Già l'altro ieri una fonte della sicurezza di Sana'a aveva dichiarato ad Aki-Adnkronos International che al-Hanaq "non è stato arrestato", precisando che proprio dall'uomo "sono arrivate le minacce all'ambasciata degli Stati Uniti" che domenica hanno spinto Washington a chiudere la sua sede diplomatica a Sana'a, riaperta dopo due giorni. Chiuse e poi riaperte anche le ambasciate francese e tedesca.
"Potenze straniere dietro la crisi" - Nella situazione dello Yemen, che si confronta con ribelli sciiti, indipendentisti del sud e terrorismo islamico, c'è la mano di "potenze straniere". E' quanto affermato dal ministro degli Esteri yemenita Abu Bakr al-Qurbi, che in un'intervista ad Aki-Adnkronos International ha sostenuto che "né lo Yemen, ne' gli yemeniti hanno alcun interesse ad alimentare tensioni o guerre civili, perché a pagare è la nazione e il suo popolo". Per questo, l'ingerenza di forze esterne, a suo giudizio, è "probabile".
Nelle scorse settimane, ad esempio, accuse erano state rivolte all'Iran, indicato come sostenitore dei ribelli sciiti 'hawthiti', attivi nella provincia settentrionale di Sa'ada, lungo il confine con l'Arabia Saudita.
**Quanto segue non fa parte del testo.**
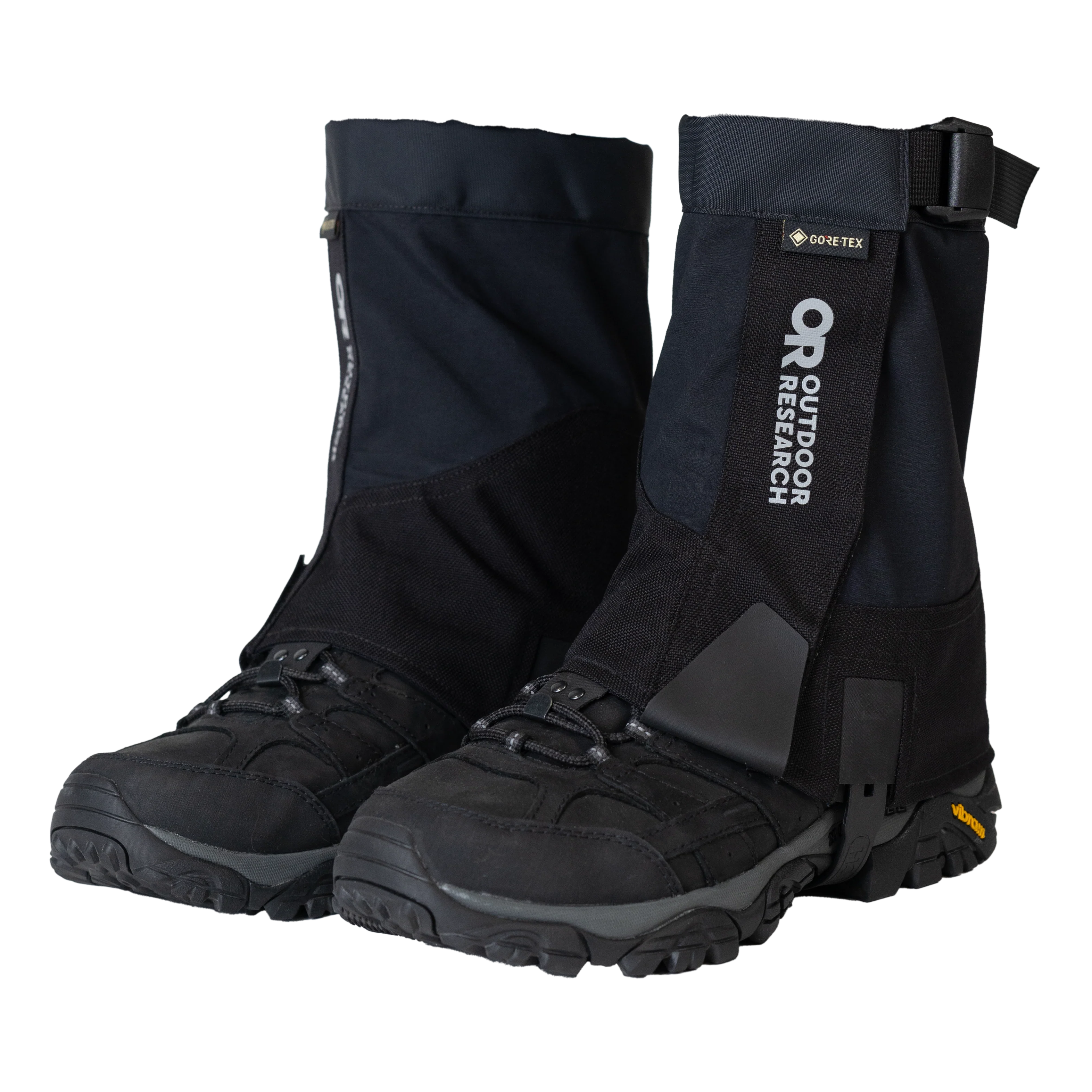 Crocodile Mid-Height Gaiters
Ma, in generale, per il ministro degli Esteri "si esagera all'estero nel descrivere la situazione dello Yemen e la crescita dell'influenza di al-Qaeda nel paese". Sana'a, per questo, non permetterà che forze militari straniere siano stanziate sul territorio nazionale per contrastare il terrorismo. "Non credo che sia nell'interesse degli Stati Uniti e dei Paesi occidentali mandare forze in Yemen", ha dichiarato Qurbi, precisando che il Paese "è in grado di far fronte a ogni minaccia e pericolo, che si tratti di al-Qaeda o di qualunque altra forza". Alla comunità internazionale, Sana'a chiede piuttosto di "aiutare lo Yemen nella lotta contro al-Qaeda offrendo sostegno logistico, scambiando informazioni di intelligence e migliorando le competenze delle sue unità antiterrorismo e della sua guardia costiera, oltre a un contributo allo sviluppo per risolvere i problemi economici del Paese", ha aggiunto Qurbi che ha ribadito: "Il governo di Sana'a è determinato a sconfiggere i terroristi di al-Qaeda".
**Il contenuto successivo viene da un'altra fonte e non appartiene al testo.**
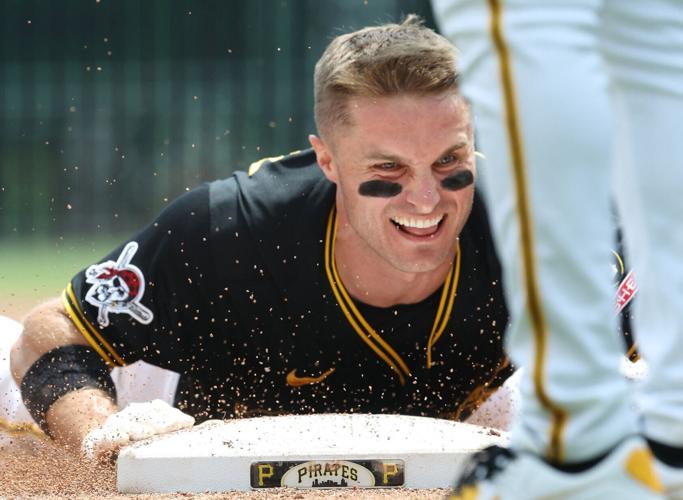 BASEBALL-MLB-PIT-MIL/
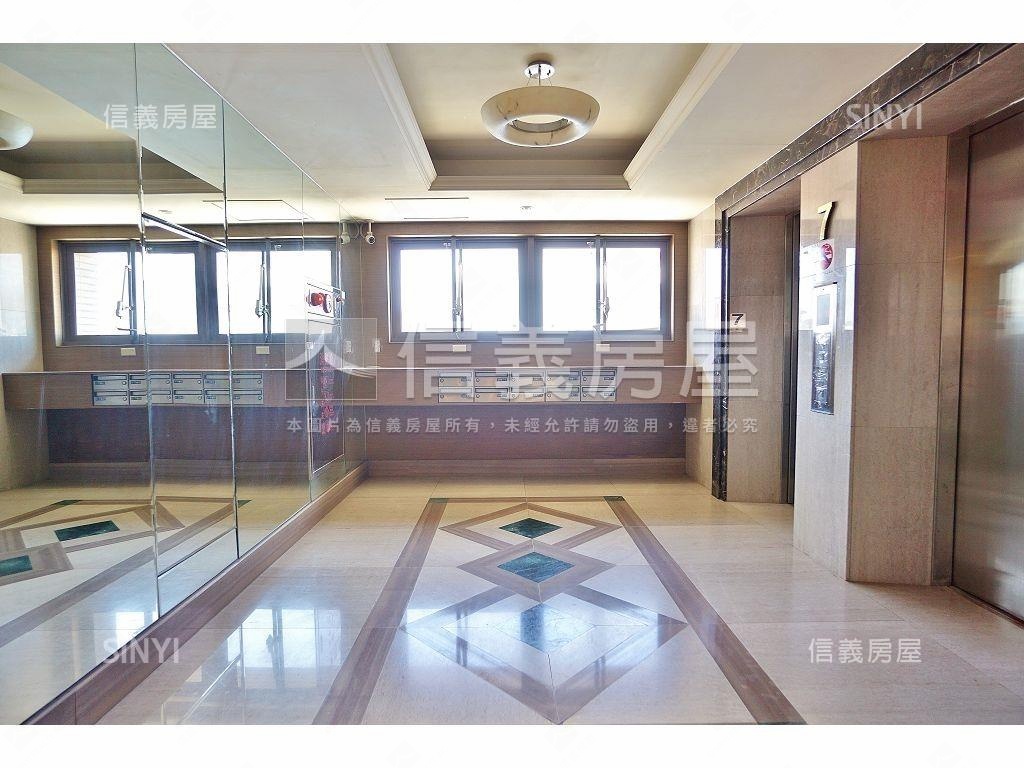 戀戀台大前棟景觀戶房屋室內格局與周邊環境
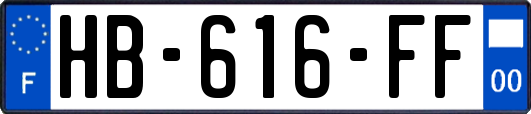 HB-616-FF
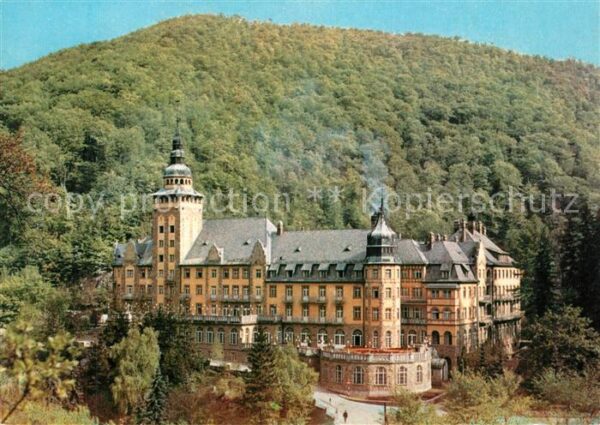 Lillafuered Palota Szallo Hotel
"E' necessario un rafforzamento della cooperazione a livello di intelligence con i Paesi amici" ha spiegato il ministro, secondo il quale "molti terroristi attivi nello Yemen sono fuggiti da altre aree della Penisola arabica, in particolare dall'Arabia Saudita, in seguito agli attacchi subiti". "Per questo - ha precisato - hanno preso lo Yemen come nuova base, integrandosi alla rete che già operava sul posto e sfruttando la natura geografica montuosa del paese". I terroristi di al-Qaeda, secondo il ministro, "hanno anche approfittato delle recenti tensioni in alcune province del sud", dove operano gruppi separatisti. In questo senso, "la sua instabilità fa dello Yemen un terreno fertile per l'esecuzione dei piani dei terroristi".
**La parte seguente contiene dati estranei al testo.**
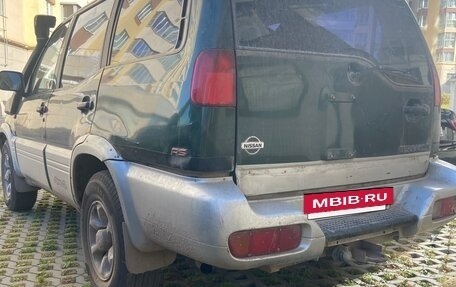 Nissan Terrano II рестайлинг, 1998 год, 350 000 рублей, 3 фотография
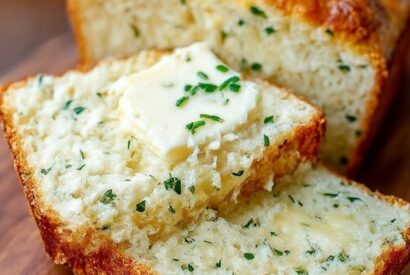 Thumbnail for Herb & Cheese Quick Bread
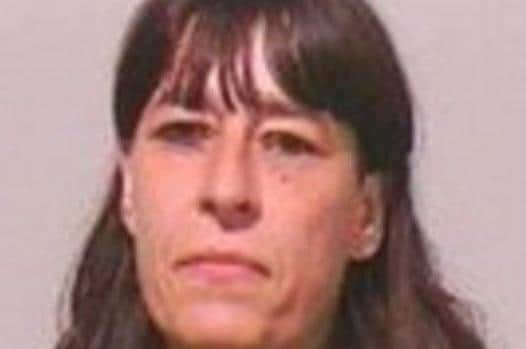 Sharon Swinhoe was found guilty of murdering Peter McMahon, 68, in 2013 and jailed for life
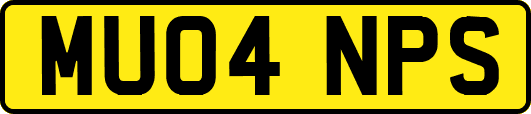 MU04NPS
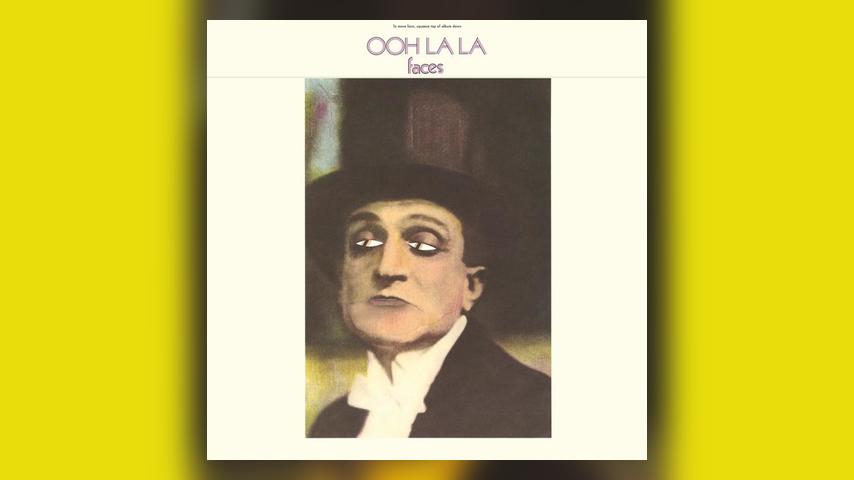 Faces OOH LA LA Cover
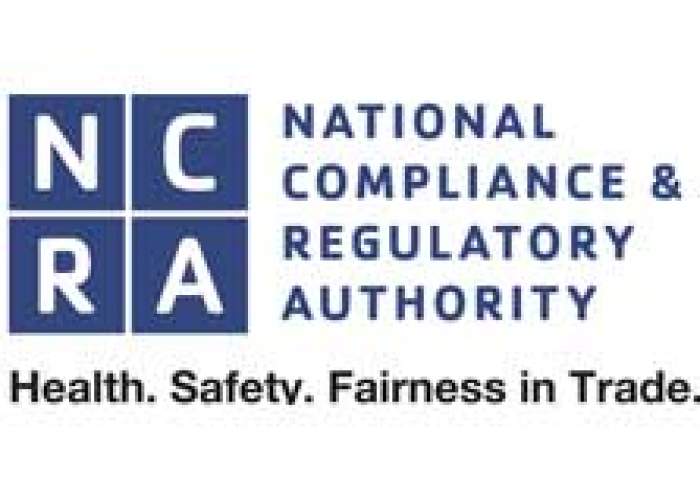 National Compliance & Regulatory Authority logo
Dallo Yemen agli Stati Uniti. Il mea culpa di Obama - Barack Obama si assume la responsabilità degli errori commessi e non si prepara a licenziare nessuno per il clamoroso fallimento del sistema di sicurezza in occasione del fallito attentato di Natale. E' quanto hanno spiegato fonti della Casa Bianca alla Cnn, anticipando quanto dirà il presidente presentando il nuovo rapporto sulla vicenda.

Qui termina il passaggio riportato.